Luis and the Aliens

Luis and The Aliens is a 3D animated German kids’ fantasy, now dubbed in English and releasing in North America on DirecTV and in theaters August 17th.

Luis is a nerdy 11 year old, bullied and uncomfortable. He’s an outcast who has eyes for Jennifer, a journalism student who is basically Lucy Van Pelt. His mom has passed away. His dad is an obsessed and distracted ufologist conspiracy theorist.

He befriends three wacky but lovable little blobular aliens after they crash their UFO into his house. In return for Luis’ help in finding the home-shopping channel stuff they came for, they save him from being sent away to boarding school by DFACS. Adventures and hilarity ensue.

Most great contemporary mainstream animation (and vintage animation too, for that matter) works on multiple layers. Kids love the superficial slapstick, bright colors, and silly voices while adults can chuckle at cultural references the kids won’t get. Fun for everyone, especially for parents whose child becomes enamored of a particular film and insists on endless repeat viewings.

Luis and The Aliens misses the mark for that multi-layered audience. Kids will enjoy it. Adults will be bored to tears. Instead of riffing on cultural references, the filmmakers have cut and pasted the script beats and tropes from every story with a nerdy misunderstood kid with a hard-knock life suddenly immersed in adventure after being selected by a metaphysical Deus Ex Machina who gets his due respect in the big reveal when everybody sees he really is special. Yawn.  

Not that that’s a bad premise, and not that it won’t be done again newer and better, but this film doesn’t even try to give it a fresh take. This story lifts ideas wholesale from E.T., The Neverending Story, Up, Prometheus (and/or Tales of Pirx the Pilot from Stanislaw Lem), and even more recent films like Home. The list of “influences” would scroll off the page. It’s also replete with pop culture references, but they are delivered flat and without context like a PowerPoint presentation of stuff they think we think is cool bolted on for street cred.

“…every misunderstood kid suddenly immersed in adventure who gets his due respect in the big reveal when everybody sees he really is special…

The animation is workmanlike in its execution, delivering more seamlessly perfect digital commodity level output.

The cynic in me (in other words, me) suspects this film is just grist for the mill, flimsy product cranked out as content to feed the bottomless gaping maw of demand for new and colorful and loud.

It’s bothersome that the film takes Luis’ situation so lightly. He’s a neglected little boy whose mom died, with no parental guidance, and social adaptation issues.

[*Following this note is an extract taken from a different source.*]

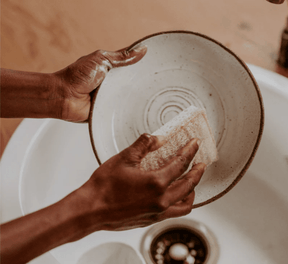 Seed & Sprout compostable cellulose and loofah sponge being used to wash a ceramic bowl in a kitchen sink, highlighting its eco-friendly design and daily functionality.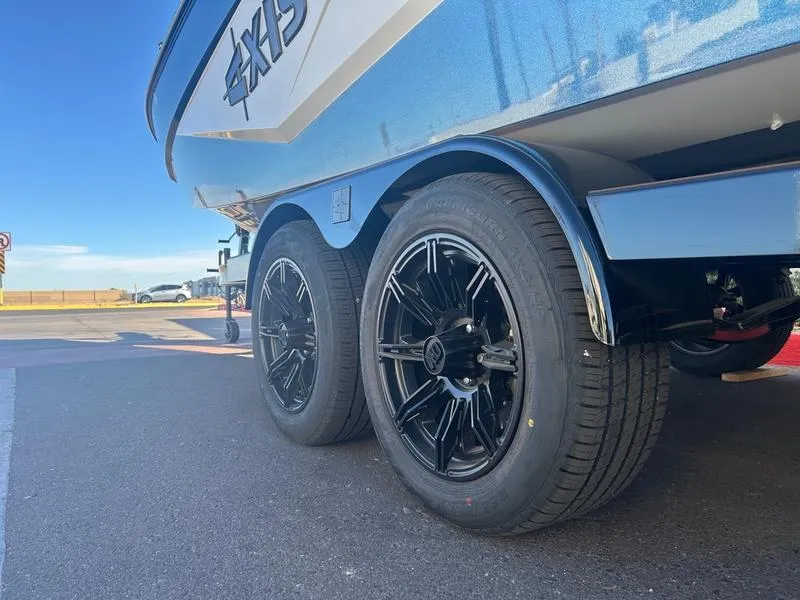 Slide: The Image of 2025 Axis T235 boat trailer with black alloy wheels on a sunny day. - 6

The administration at his school is gunning for him to try to put him in an orphanage. He looks after his deranged father and even has to make his own birthday cake.

Also in the negative column is the mildly annoying Latina maid stereotype that we probably should shelve at this point.

“…grist for the mill, flimsy product cranked out as content to feed the bottomless gaping maw of demand for new and colorful and loud…

Am I saying the film sucks? I am not saying that at all. It’s not that bad, it’s just that, as an adult you’ve seen this entertainment to death. On the upside, the great thing about being a kid is that you haven’t seen everything yet and because the filmmakers borrowed from the best, it will work for young children. This film could serve as a primer on alien / UFO / misunderstood outsider tropes for kids who aren’t familiar.

But do we need that? Couldn’t you just show them E.T., or Batteries Not Included, or Close Encounters, or Explorers, or when they’re a little older, The Outsiders?

Luis and The Aliens (2018). Written and directed by Christoph Lauenstein, Wolfgang Lauenstein. Starring Will Forte, Lea Thompson, Orlando Leyba.